> **Activity**: Each line from the one containing "Enewton Signature Cross" through the last line of the data below should be printed exactly, please, with any pictures omitted.
Listed entries Start Marker
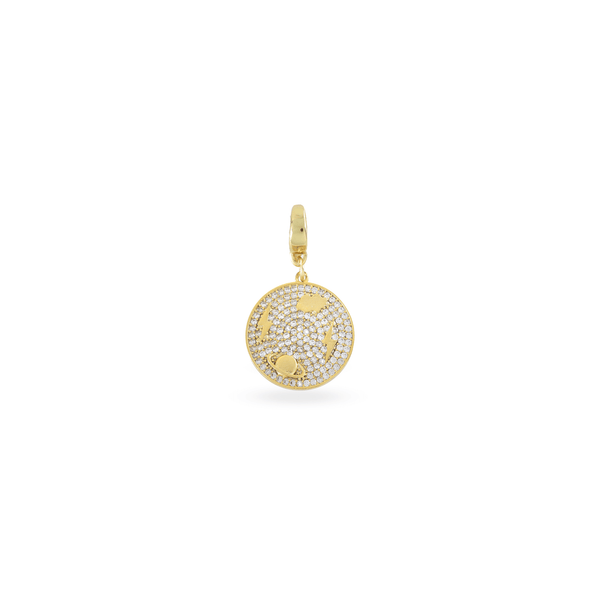 The SPACE PAVE BULKY CHARM which is made of 18K gold plated sterling silver with encrusted zirconia circle charm with space details.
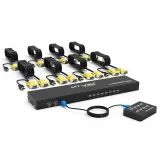 MT-Viki 8 Ports KVM Switch Manual Push Button Eight Hosts Share One Monitor/Multiple USB Devices With Original Cable MT-801UK -L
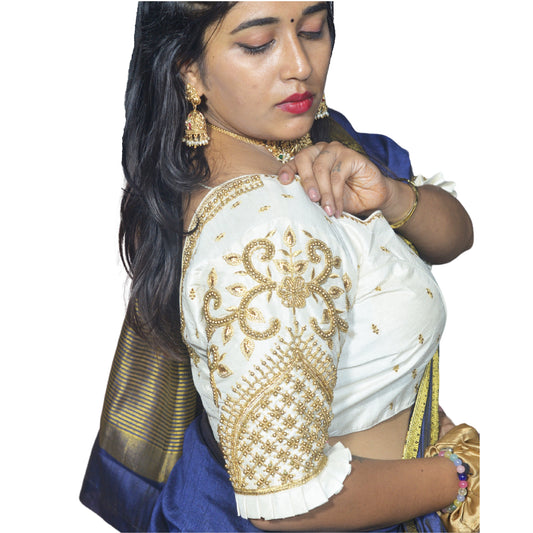 Cream Blouse with Leaf Sleeves & Dual Embroidery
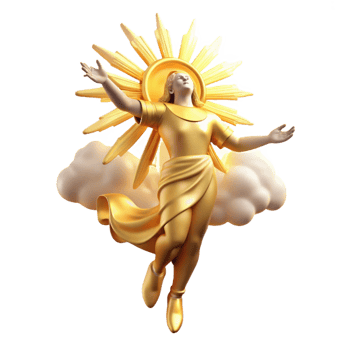 stunning creative A celestial being descending from the heavens, divine golden light, Renaissance style exclusive png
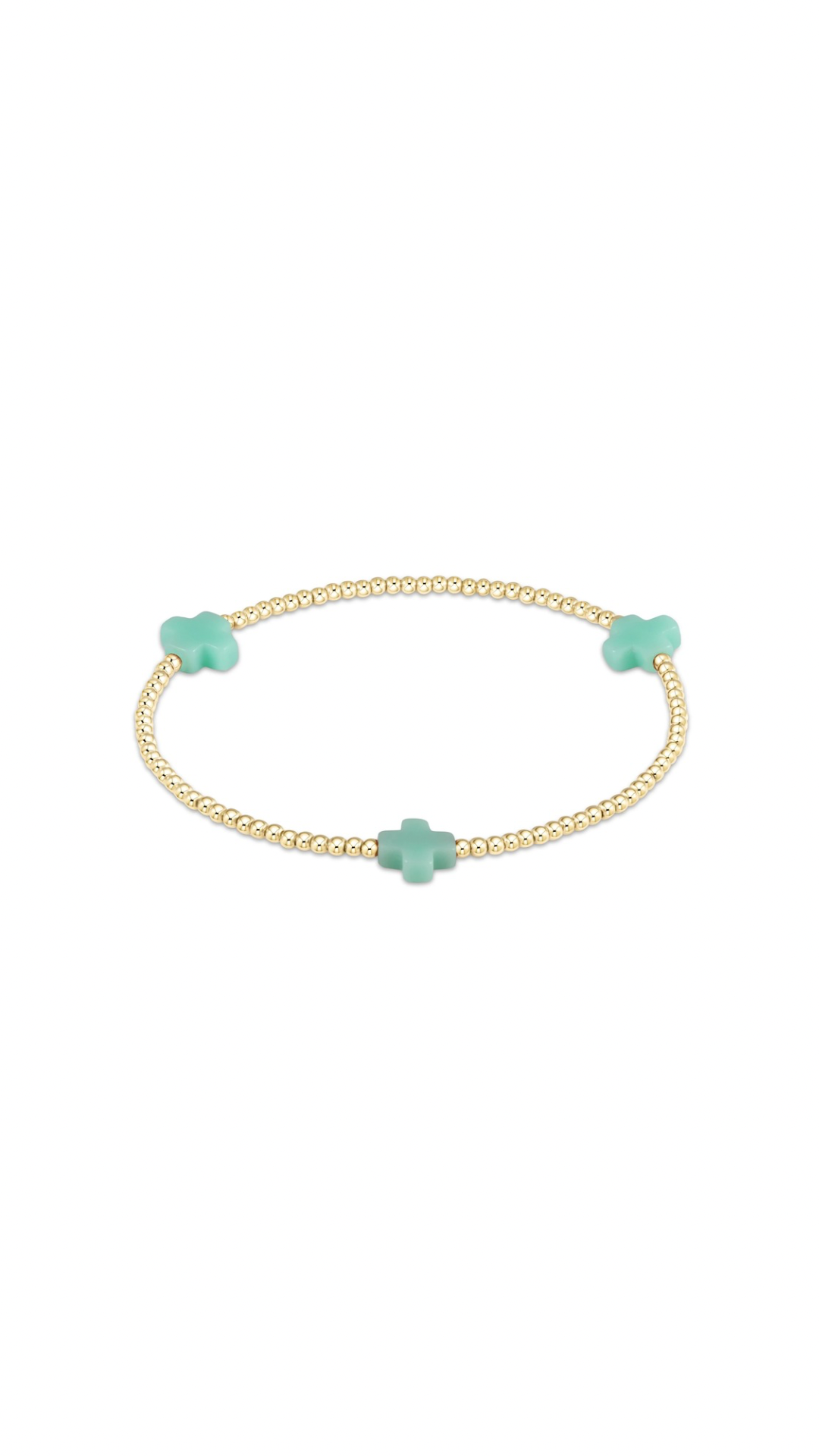 Enewton Signature Cross Gold Pattern 3mm Bead Bracelet-Mint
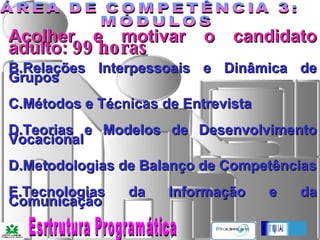 Acolher e motivar o candidato adulto:  99 horas Relações Interpessoais e Dinâmica de Grupos Métodos e Técnicas de Entrevista  Teorias e Modelos de Desenvolvimento Vocacional  D.Metodologias de Balanço de Competências E.Tecnologias da Informação e da Comunicação ÁREA DE COMPETÊNCIA 3: MÓDULOS Esrtrutura Programática 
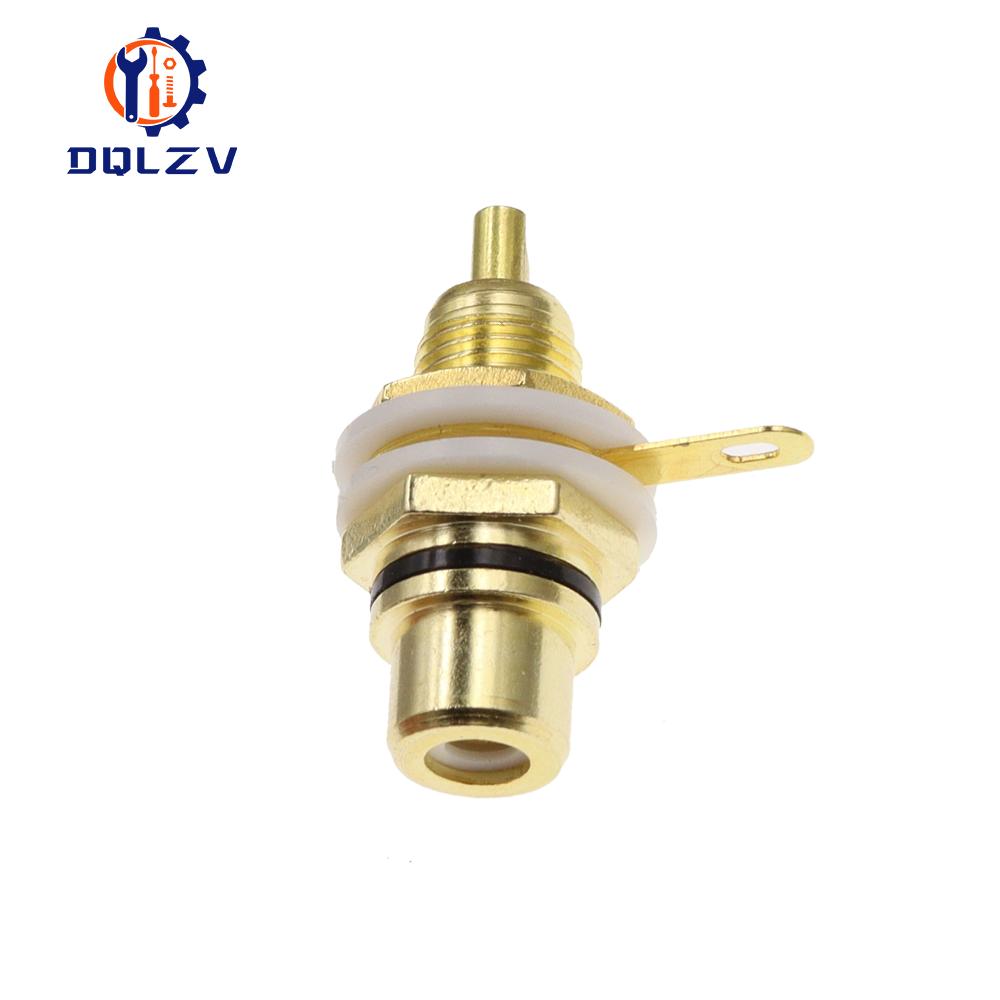 Panel Mount Gold Plated RCA Female Plug Jack Audio Socket Amplifier Chassis Phono Connector With Nut Solder Cup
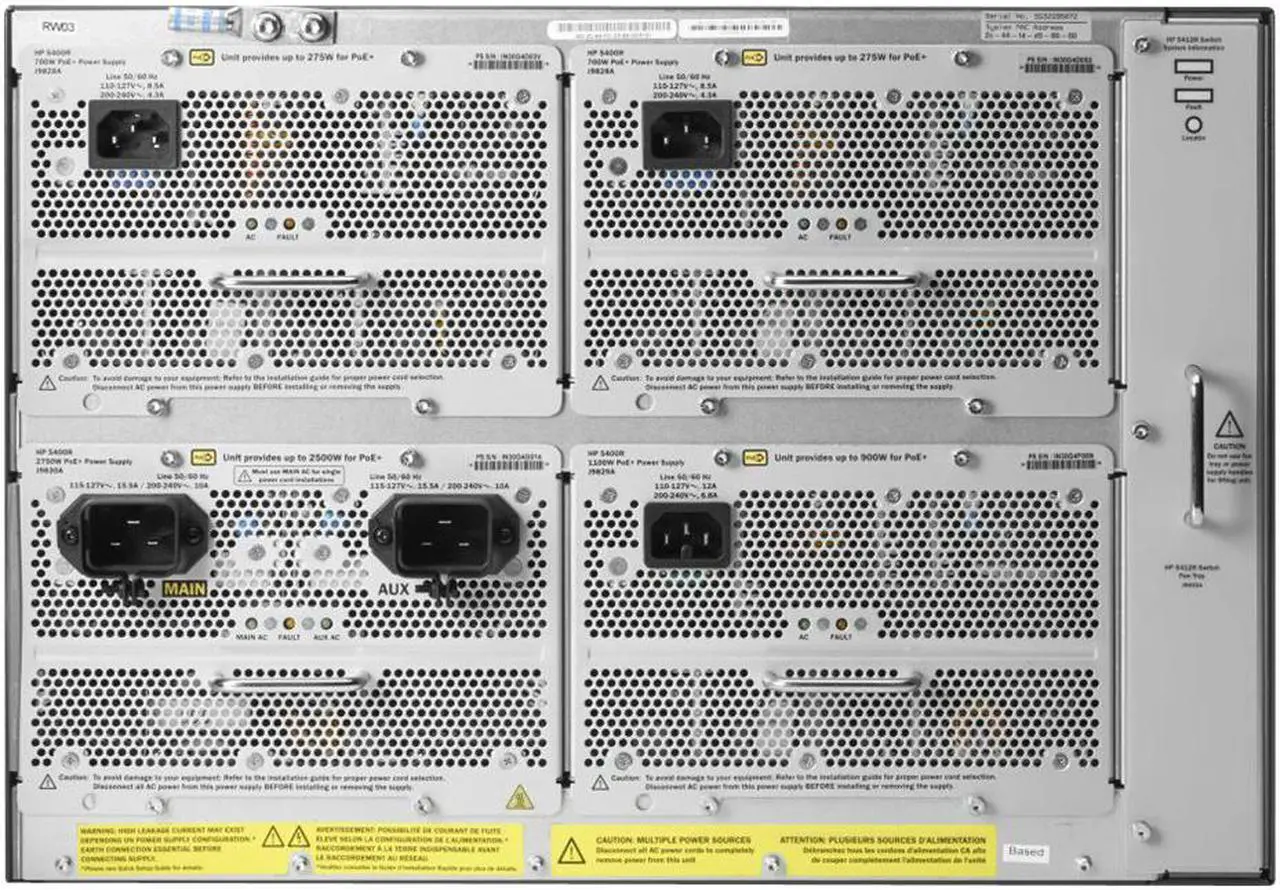 Alt view image 3 of 3 - HPE Aruba 5412R zl2 J9822A - 1 x RJ-45 switch - managed - rack-mountable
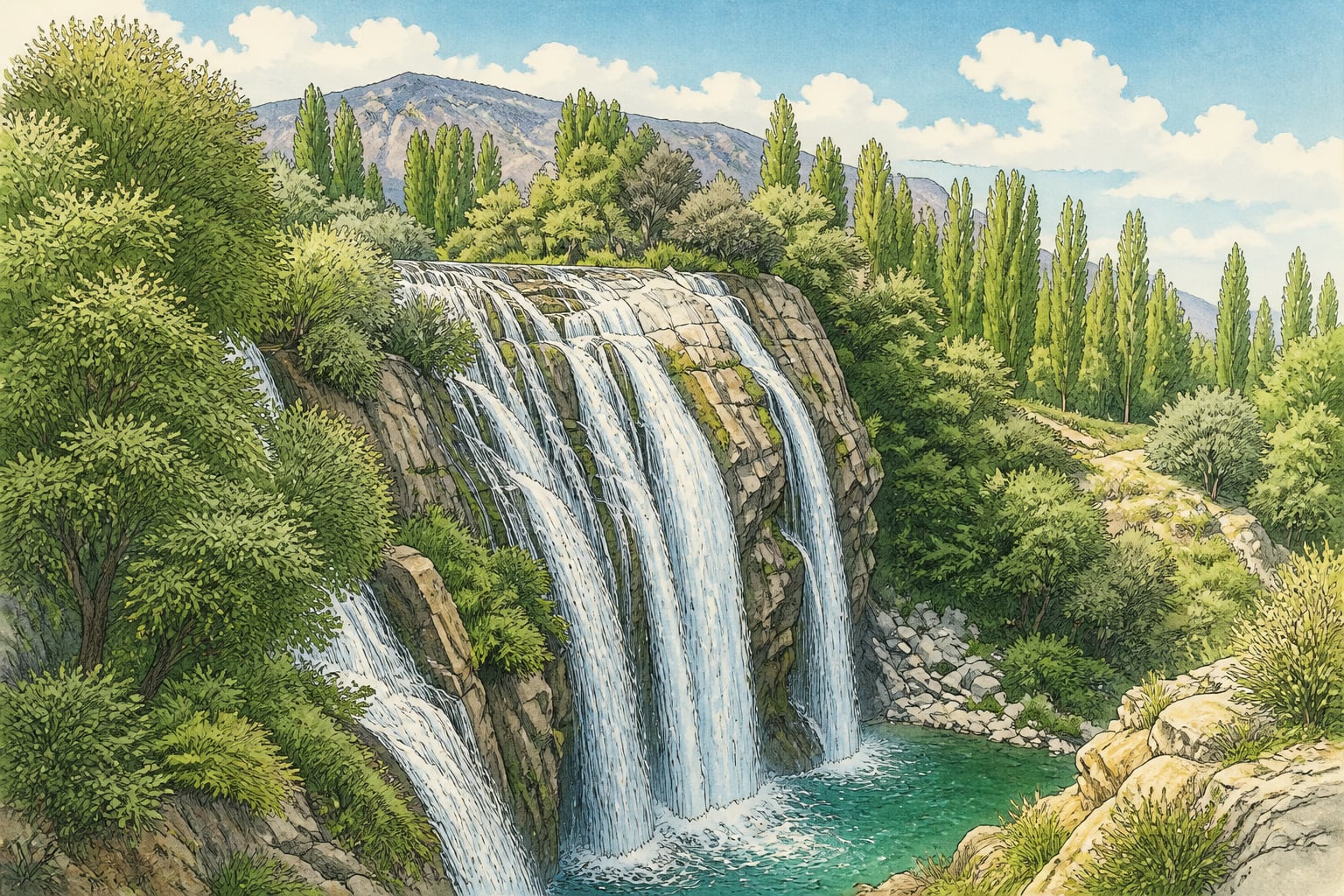 Tortum Waterfall çizimi, Erzurum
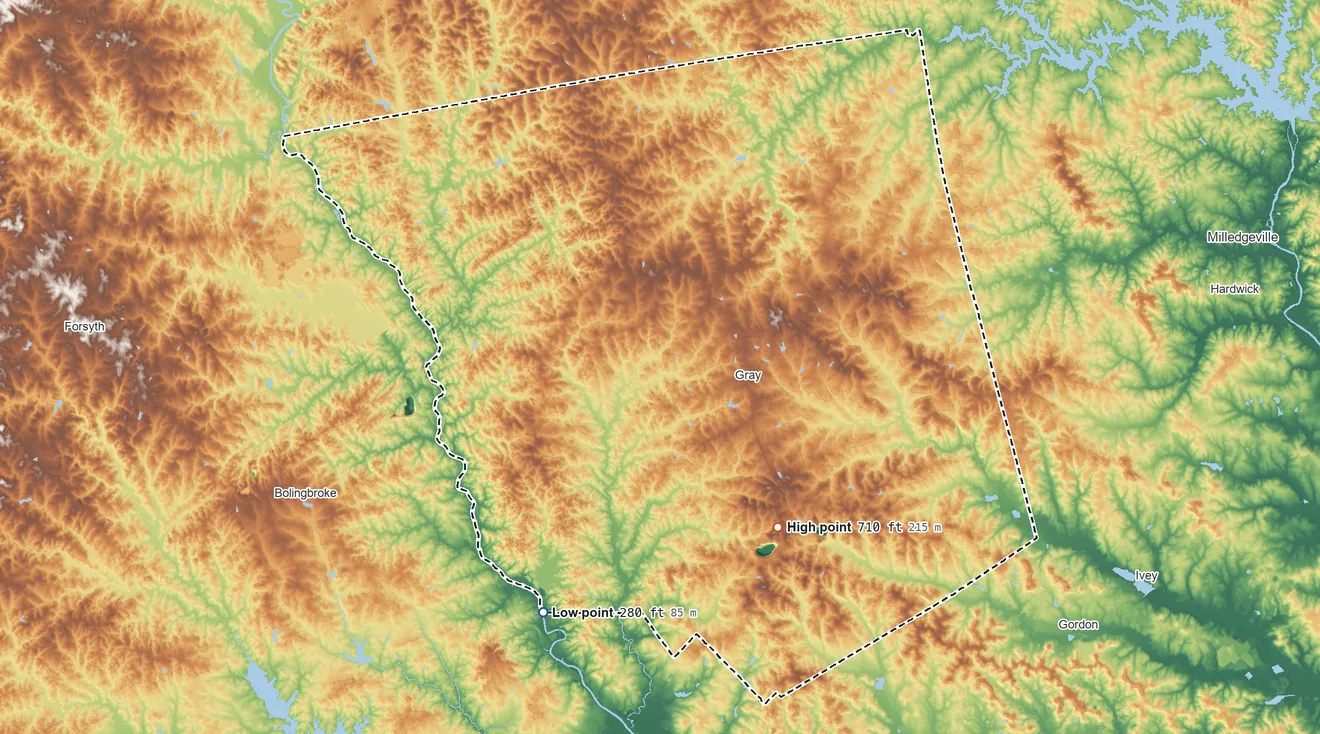 Topographic elevation map of Jones County, Georgia, shaded from 280 ft on the southwest side to 710 ft on the southeast side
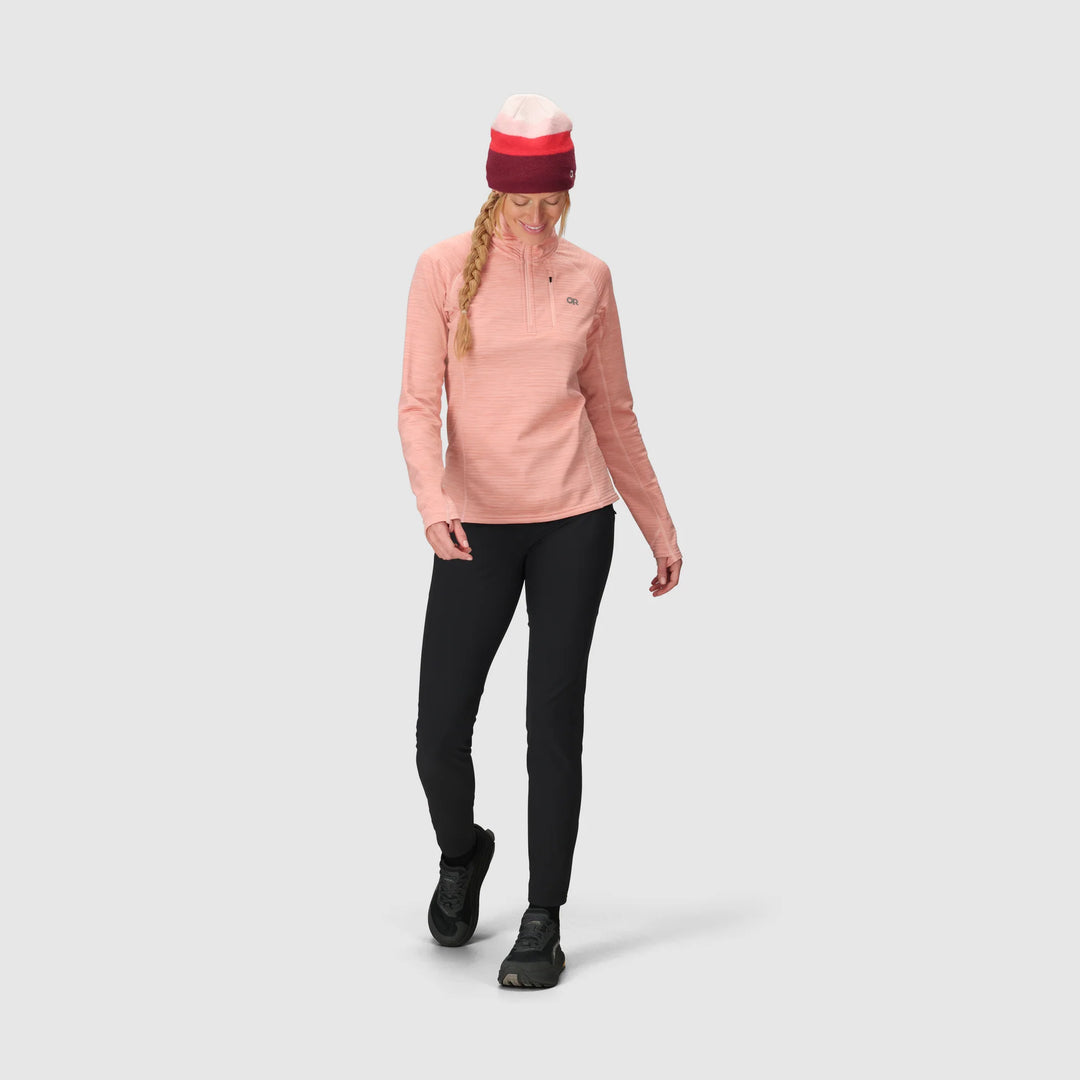 Outdoor Research Womens Vigor Grid Fleece Quarter Zip Lotus Heather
Listed entries End Marker
> **Task result**:
 Enewton Signature Cross Gold Pattern 3mm Bead Bracelet-Mint
 Acolher e motivar o candidato adulto:  99 horas Relações Interpessoais e Dinâmica de Grupos Métodos e Técnicas de Entrevista  Teorias e Modelos de Desenvolvimento Vocacional  D.Metodologias de Balanço de Competências E.Tecnologias da Informação e da Comunicação ÁREA DE COMPETÊNCIA 3: MÓDULOS Esrtrutura Programática 
 Panel Mount Gold Plated RCA Female Plug Jack Audio Socket Amplifier Chassis Phono Connector With Nut Solder Cup
 Alt view image 3 of 3 - HPE Aruba 5412R zl2 J9822A - 1 x RJ-45 switch - managed - rack-mountable
 Tortum Waterfall çizimi, Erzurum
 Topographic elevation map of Jones County, Georgia, shaded from 280 ft on the southwest side to 710 ft on the southeast side
 Outdoor Research Womens Vigor Grid Fleece Quarter Zip Lotus Heather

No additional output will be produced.